Titanic Kaggle Competition

ThomasMilan · April 10, 2019, 10:01am

I’m trying to use the FastAI library in the Titanic Kaggle competition (https://www.kaggle.com/c/titanic).

Here is what the training data looks like :

And here is how I set it up for the Learner :

procs = [FillMissing, Categorify, Normalize]

dep_var = 'Survived'
cat_names = ['Pclass', 'Sex', 'Cabin', 'Embarked']
cont_names = ['Age', 'SibSp', 'Parch', 'Fare']

data_test = TabularList.from_df(test, path=path, cat_names=cat_names, cont_names=cont_names, procs=procs)

data = (TabularList.from_df(train, path=path, cat_names=cat_names, cont_names=cont_names, procs=procs)
                       .split_by_rand_pct(0.2)
                       .label_from_df(cols=dep_var)
                       .add_test(data_test, label=0)
                       .databunch())

By doing so, I’m getting this error : “There are nan values in field ‘Fare’ but there were none in the training set. Please fix those manually.”. It makes sense but I thought using processors such as FillMissing should take care of this problem.

Can anyone clarify what processors do exactly and how they transform the training, validation and test set ?

Thanks

mcclomitz · April 10, 2019, 11:25pm

Hey Thomas,

Sorry I can’t help but I have a similar question to yours. I’m wondering how we set up our test set to have the same normalization and cat / cont variables.

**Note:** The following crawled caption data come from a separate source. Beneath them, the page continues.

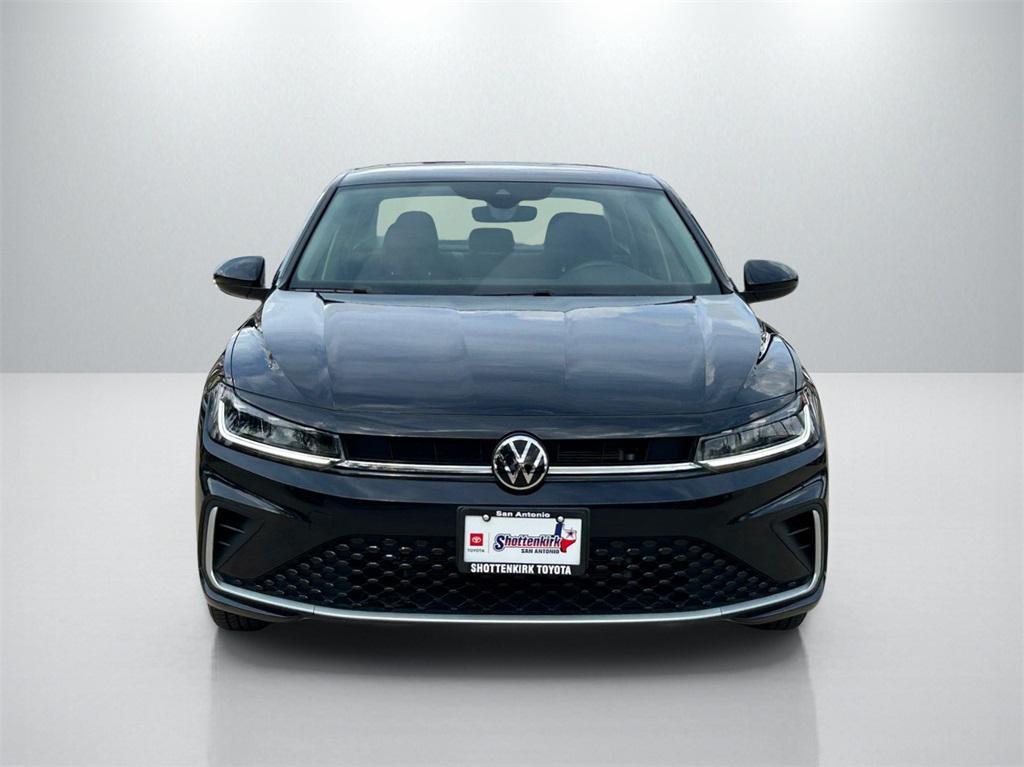 used 2025 Volkswagen Jetta car, priced at $19,221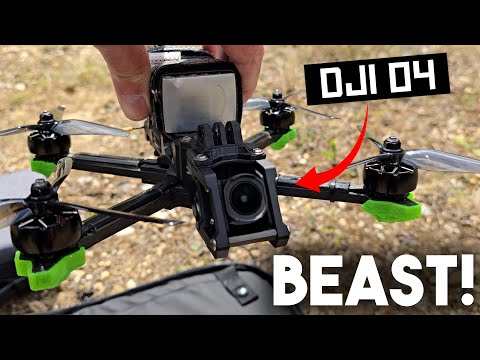 IS IT TIME TO CONVERT YOUR DRONES TO DJI O4??!! | IFLITE NAZGUL O4 CONVERSION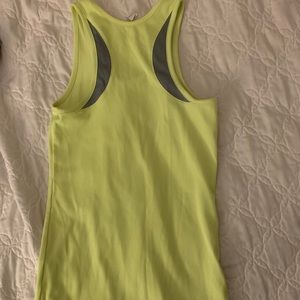 Under armor tank top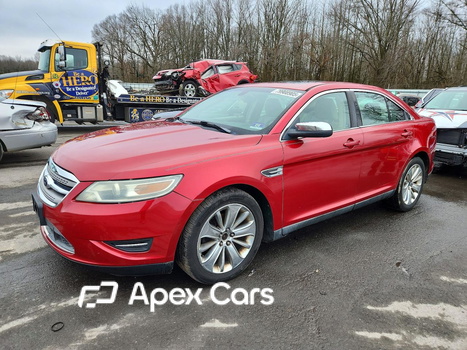 Ford Taurus 2010 - Image 1 of 12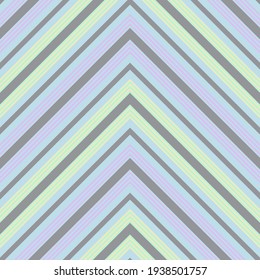 Color del arcoiris diagonal rayado fondo de patrón sin soldadura adecuado para textiles de moda, gráficos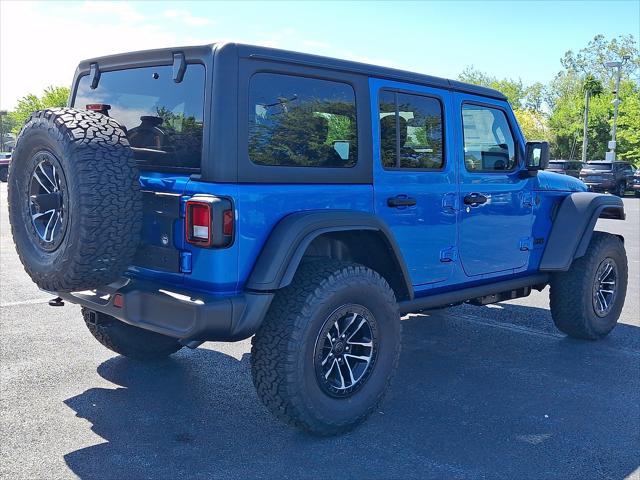 2026 Jeep Wrangler WRANGLER 4-DOOR WILLYS 2026 Jeep Wrangler WRANGLER 4-DOOR WILLYS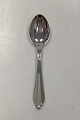 Crown Silver Plated Dessert Spoon from Hans Hansen MetalLength 17,6 cm / 6.93 inch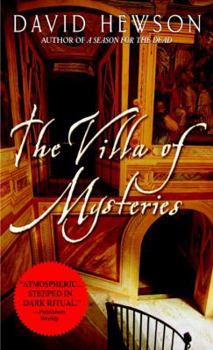 Mass Market Paperback The Villa of Mysteries (Nic Costa) Book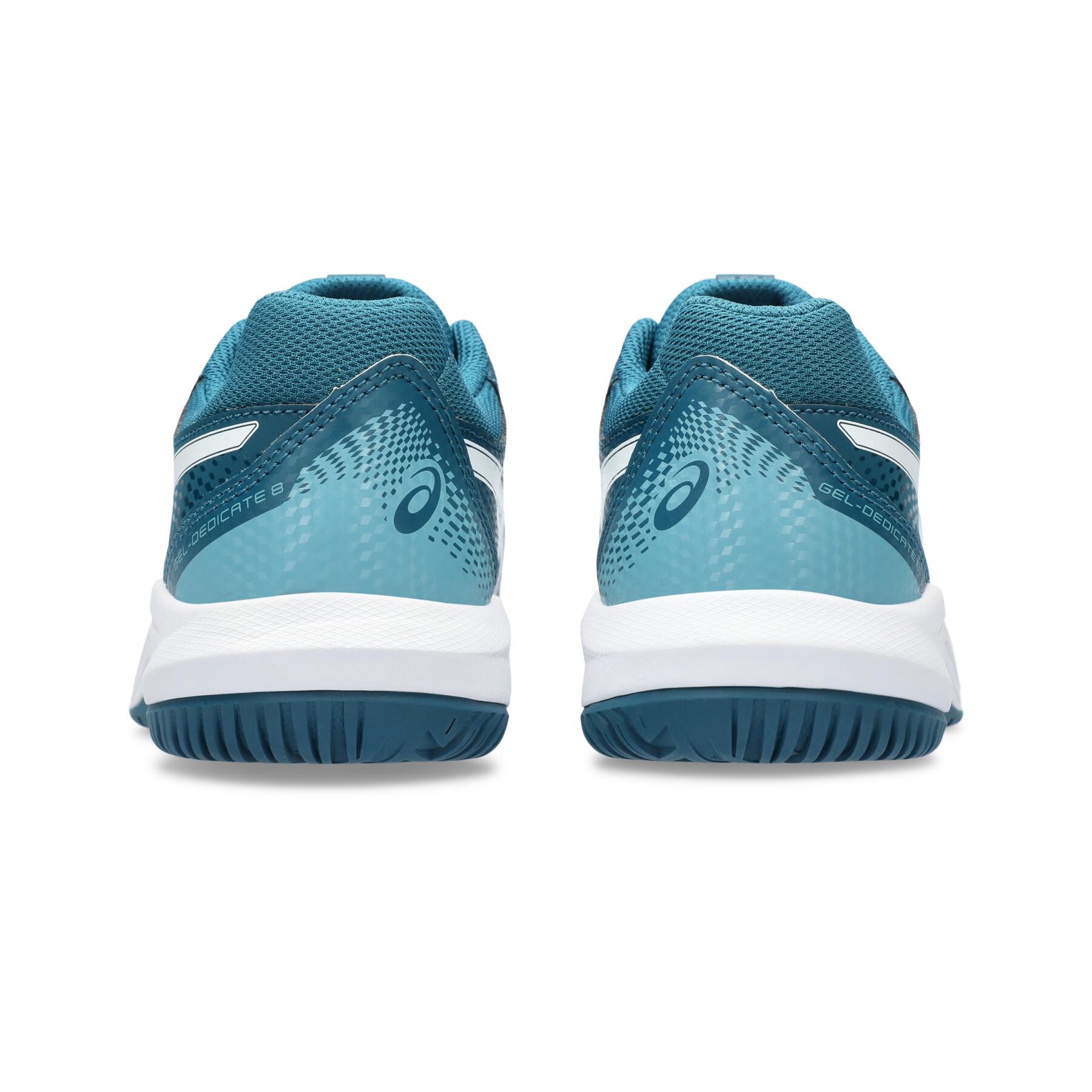Children's tennis shoes Asics Gel-Dedicate 8 GS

I tried to use tabular list and I tried to use .add_test() and neither worked.

When we run learn.predict(test_data), what are we putting in as the test_data parameter?

ThomasMilan · April 11, 2019, 10:01am

Hey,

Thanks for your reply !

From what I understand, learn.predict takes a single item as a parameter, so test_data is a single fastai item ItemBase that can be one of the provided 3 basic types or your own custom type (https://docs.fast.ai/tutorial.itemlist.html#Creating-a-custom-ItemBase-subclass)
I think you can create this item manually by calling something like :
test_data = Image(<Tensor>)

Still wondering how to add the test set so that it is processed just like the training set. I tried using add_test with a pandas DataFrame, but then I get an error when using learn.get_preds

mcclomitz · April 11, 2019, 10:09am

Yeah - I guess thats what I meant. How do I process the test dataframe so that its the same process as the training data frame.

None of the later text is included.